In November, the volume of second-hand housing transactions in shanghai and shenzhen reached a nearly four-year high, with new homes frequently selling out immediately.
According to reports from the Financial Associated Press, in November, the property markets in shanghai and Shenzhen again delivered "excellent results." Monitoring data from domestic institutions shows that the transaction volume of second-hand housing in Shenzhen remained at a "prosperity line" level, reaching the highest volume in nearly 46 months, while the transaction volume for second-hand housing (including commercial) in shanghai also set a new high for 44 months. At the same time, the occurrence of "sunlight plates" for new housing in shanghai and Shenzhen has been frequent.
According to Fitch, the sales value of new housing in mainland China is expected to decline by 15% next year.

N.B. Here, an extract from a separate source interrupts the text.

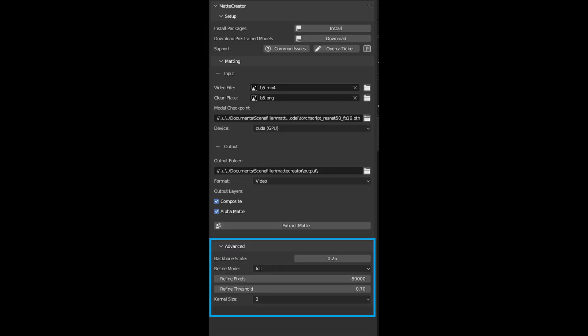The Advanced tab has some extra parameters. I almost never use them. In my testing, the most impactful ones are the backbone scale, kernel size, and the refined pixels while in the sampling refine mode.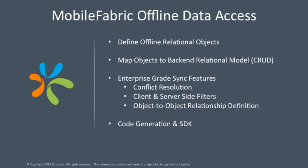We're going to talk about defining the relational objects, mapping to backends, and then some of our big enterprise-grade features around conflict resolution, client and server-side filters, object-to-object relationships, and then code generation and SDK.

Fitch Ratings report indicates that mainland real estate developers are expected to continue facing challenges in 2025, with predicted decline in the value of new building sales by 15% to around 7.3 trillion yuan, mainly due to a 10% decrease in sales area and a 5% decrease in average selling price. In addition, the bank also expects that the long-term average annual demand for new residences from 2024 to 2040 will reach a building area of 0.8 billion square meters, with private residential supply reaching 0.6 billion square meters each year. Cities with good economic prospects and relaxed purchase restrictions may perform better.

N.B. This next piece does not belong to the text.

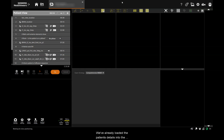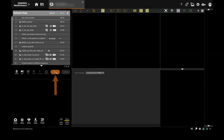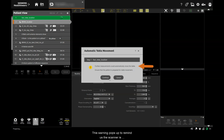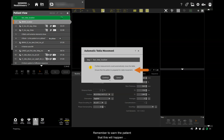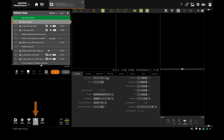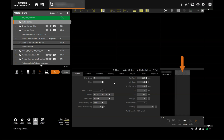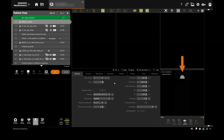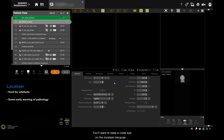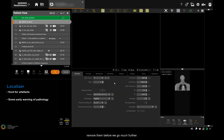We've already loaded the patient's details into the scanner and we're ready to begin. First up is a fast view localiser. This warning pops up to remind us that the scanner is going to move the bed automatically — remember to warn the patient that this will happen throughout the scan. You can click the inline display button to watch the progress of the localiser. Keep a close eye on it because if the patient has managed to get through screening with any remaining metallic objects, now's a good time to remove them before we go much further.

Guangzhou: will purchase existing commodities of 90 square meters or less throughout the city as indemnificatory apartments.

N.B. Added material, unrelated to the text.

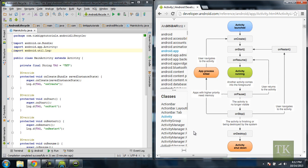Hey guys, Tim here from TimKippTutorials.com and welcome to another Android development tutorial. In this tutorial we're going to have a visual representation of the Android lifecycle.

According to a report by Southern Network, Guangzhou Anju Group announced yesterday the "Collecting Notice for the Purchase of Completed Existing Commodity Housing for Use as Affordable Housing by Guangzhou Anju Group Co., Ltd.", intending to collect existing completed commodity housing for affordable housing projects. The collection period is from the date of the announcement until December 18 of this year. According to the notice, the scope of this collection is existing commodity housing sources that have been completed within the administrative area of Guangzhou City, with convenient transportation and relatively complete supporting facilities surrounding the housing sources. The collection criteria require: clear assets and liabilities and legal relationships; obtaining a completion joint acceptance opinion letter; an area of 90 square meters.
Hong Kong real estate stocks opened high, radiance hldgs rose more than 11%.
Guangdong Huizhi on November 19 reported that Radiance Hldgs rose over 11%, Fantasia rose over 6%, Sino-Ocean GP and R&F Properties rose over 3%. China International Capital Corporation believes that currently, real estate developers in China are in the early to mid-stage of deleveraging. However, it has been determined that the period of the fastest decline in quantity and price in the physical market may have passed, while on the policy side there are beginnings of more proactive measures to stabilize the industry.